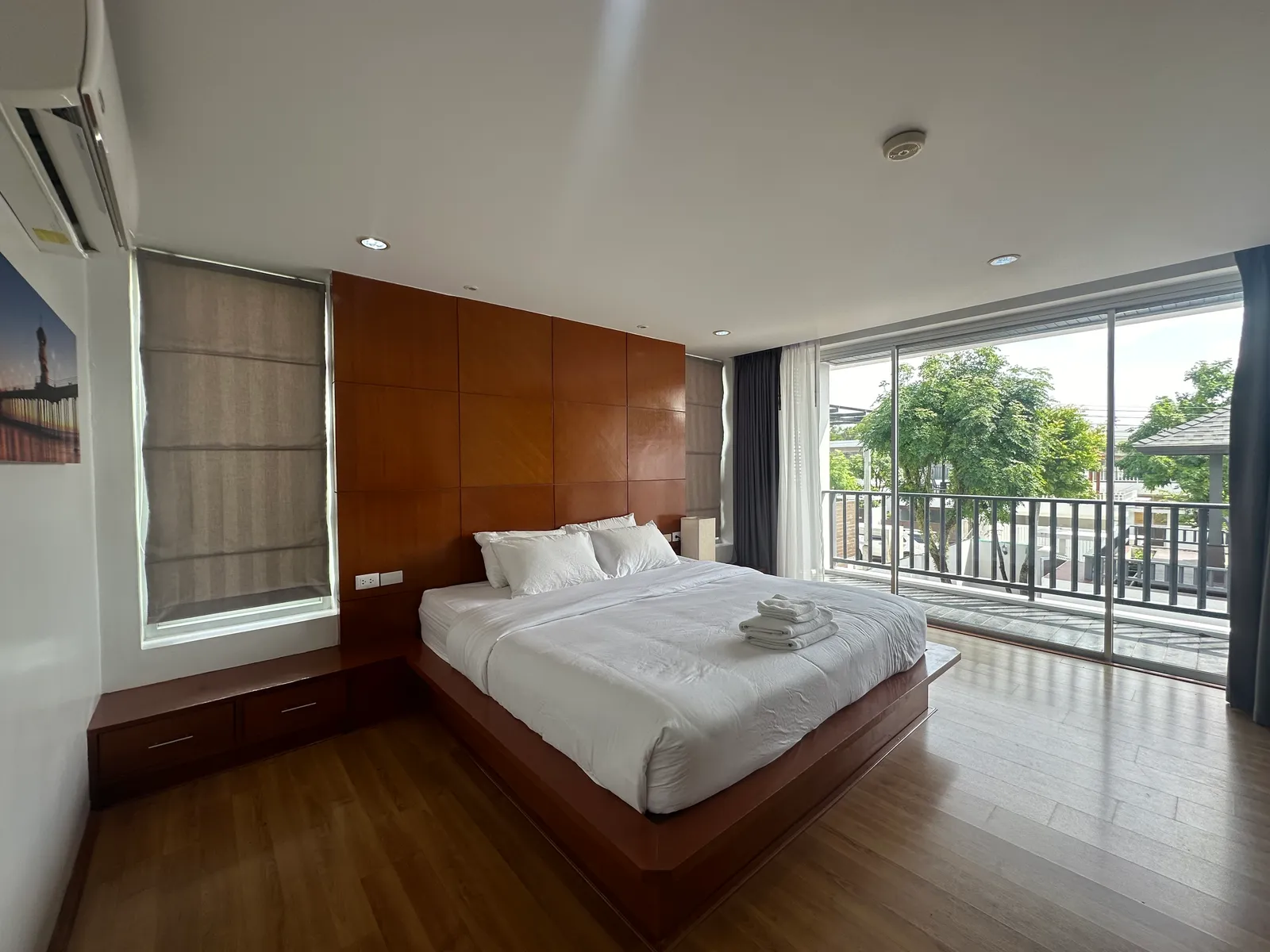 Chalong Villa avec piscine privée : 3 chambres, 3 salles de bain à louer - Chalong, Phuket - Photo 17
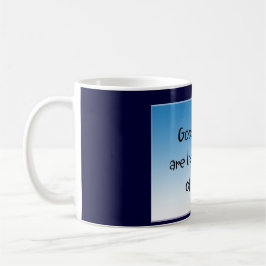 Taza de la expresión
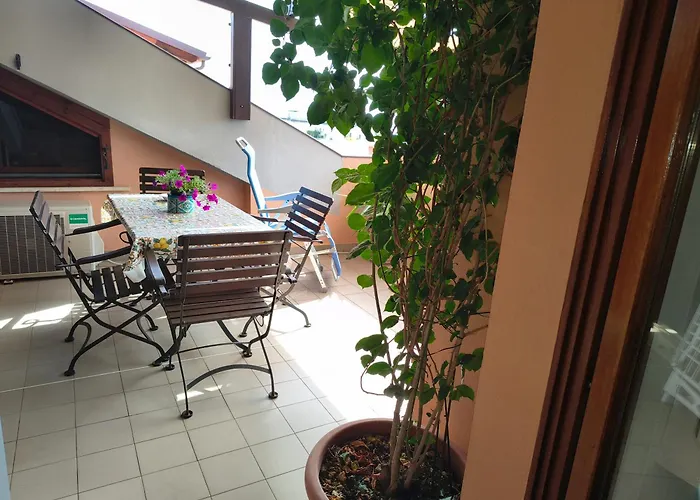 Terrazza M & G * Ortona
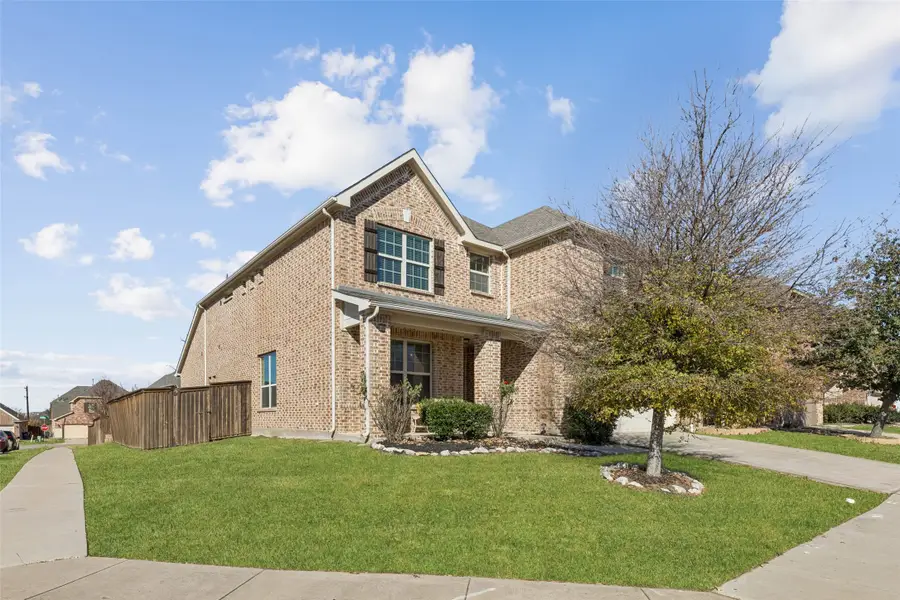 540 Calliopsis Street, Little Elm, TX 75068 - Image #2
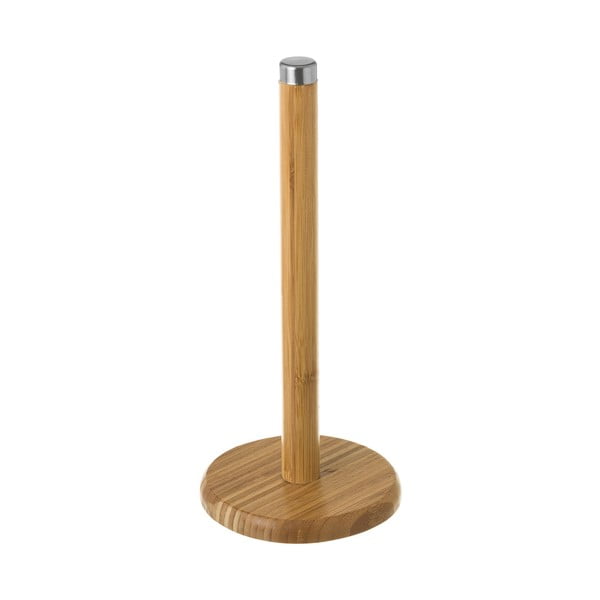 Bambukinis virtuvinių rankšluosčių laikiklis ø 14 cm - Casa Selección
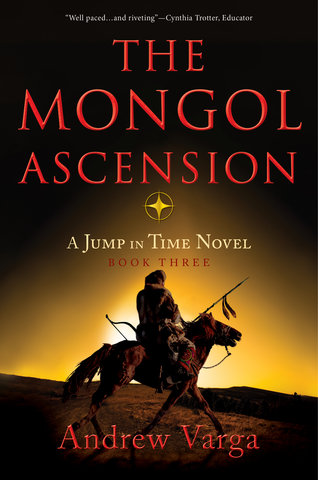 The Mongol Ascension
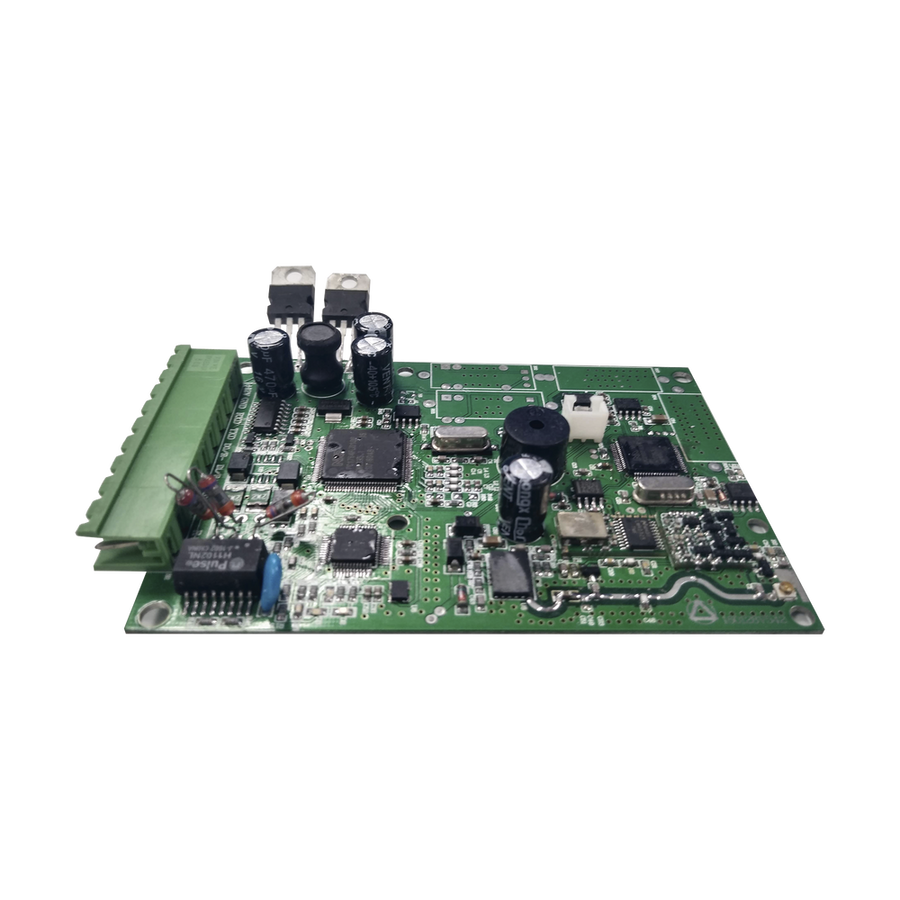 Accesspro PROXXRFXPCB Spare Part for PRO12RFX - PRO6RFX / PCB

---

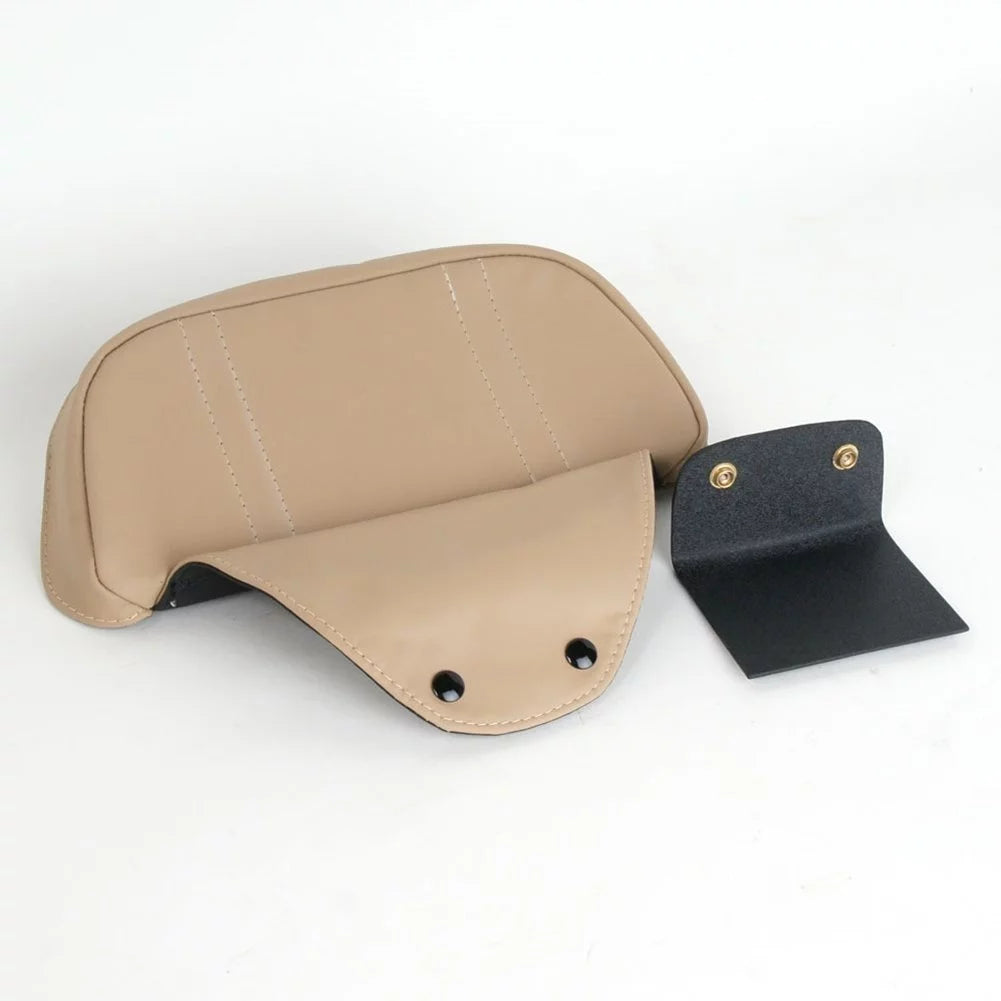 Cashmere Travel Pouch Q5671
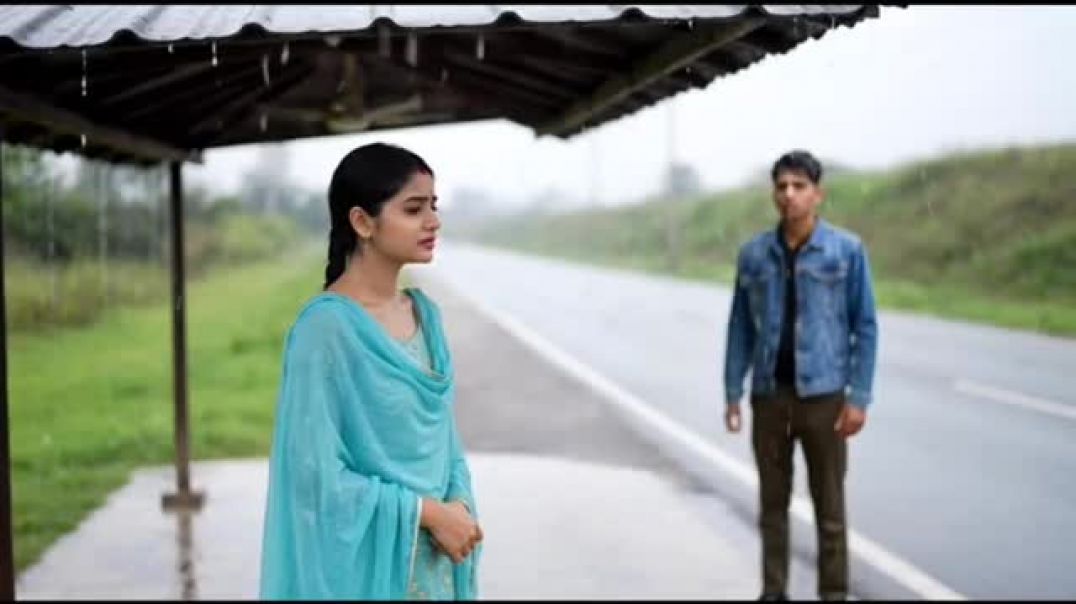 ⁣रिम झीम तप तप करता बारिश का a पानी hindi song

--

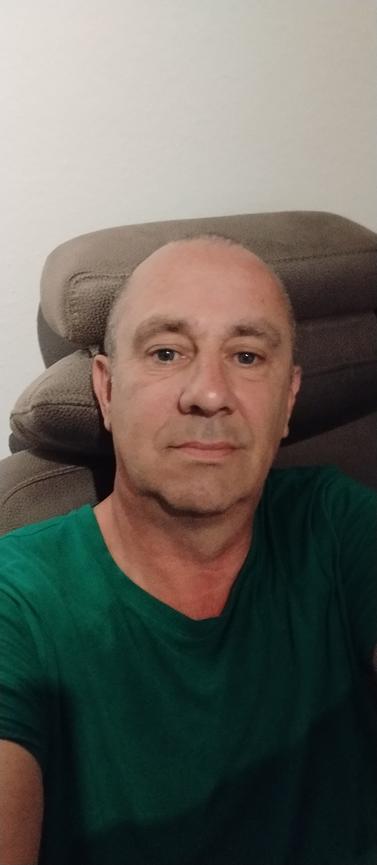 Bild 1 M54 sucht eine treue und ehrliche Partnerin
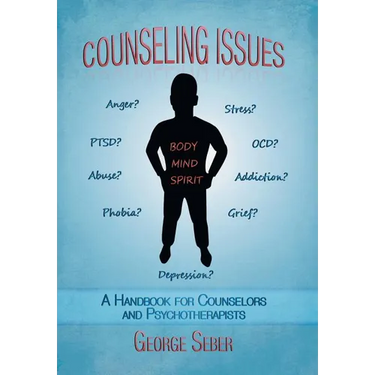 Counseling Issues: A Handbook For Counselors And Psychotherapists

-- ASSIGNMENT --
Look through the listing above for the line with "540 Calliopsis Street, Little" and the line with "Accesspro PROXXRFXPCB Spare". Write out exactly those lines and everything between, leaving out pictures.

-- SOLUTION --
 540 Calliopsis Street, Little Elm, TX 75068 - Image #2
 Bambukinis virtuvinių rankšluosčių laikiklis ø 14 cm - Casa Selección
 The Mongol Ascension
 Accesspro PROXXRFXPCB Spare Part for PRO12RFX - PRO6RFX / PCB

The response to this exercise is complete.